I've read peanut butter a few times in different places, but if that works because of the oil then surely groundnut oil should work?


----------



## fatdazza (Dec 29, 2010)

Go careful with magic sponges, they are quite abrasive. An ipa based glass cleaner works well. As with most cleaning, it is often better to use a chemical cleaner before resorting to abrasives such as magic sponges or pencil erasers.


----------



## iCraig (Aug 9, 2017)

66Rob said:


> Try peanut butter, 'on a small section first' the oils dissolve the 'wax'.

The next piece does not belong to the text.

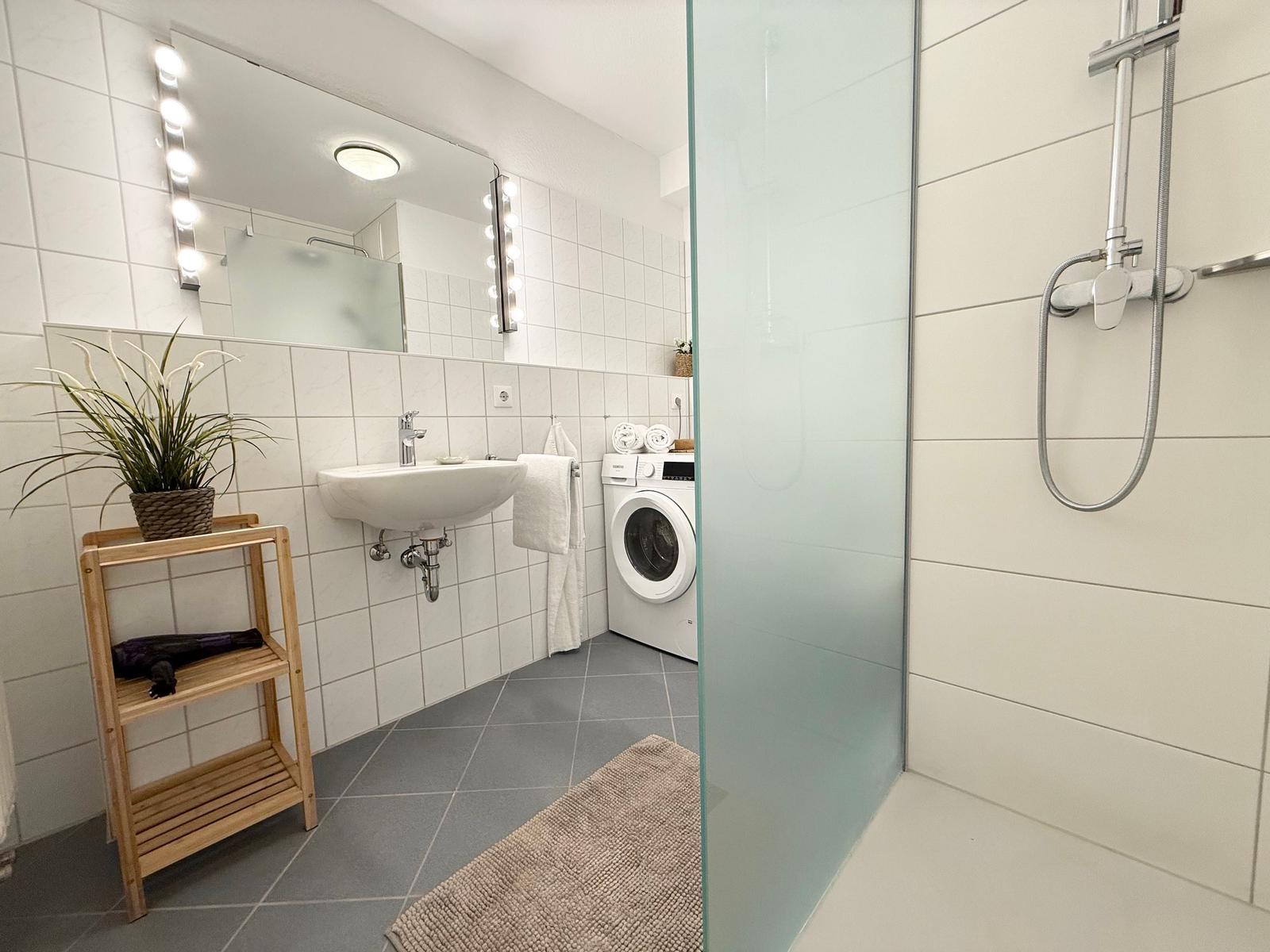 Badezimmer mit Dusche, Waschmaschine und Spiegel mit Lichterkette.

I think the wife would object to me using her peanut butter on my car!:lol:


----------



## 66Rob (Sep 25, 2007)

:lol:

Give it a go (shh don't tell her :wave, it does work..


----------



## iCraig (Aug 9, 2017)

66Rob said:


> :lol:
> 
> Give it a go (shh don't tell her :wave, it does work..


Are we talking crunchy or smooth? :lol:


----------



## pxr5 (Feb 13, 2012)

iCraig said:


> Are we talking crunchy or smooth? :lol:


Is that wives or peanut butter? :doublesho


----------



## Andyblue (Jun 20, 2017)

iCraig said:


> Are we talking crunchy or smooth? :lol:





pxr5 said:


> Is that wives or peanut butter? :doublesho


:lol::lol:


----------



## Guest (Aug 17, 2018)

G3Pro multi cleaner ! 

spray leave to dwell then agitate with a stiff brush.


----------



## riskypicker (Apr 16, 2014)

APC for plastic or Adams Tyre/Rubber cleaner for window rubber type trim.


----------



## Autoglym (Apr 10, 2008)

Intensive Tar Remover on a microfibre, scrub the area, that will do it. That will definitely do it.


----------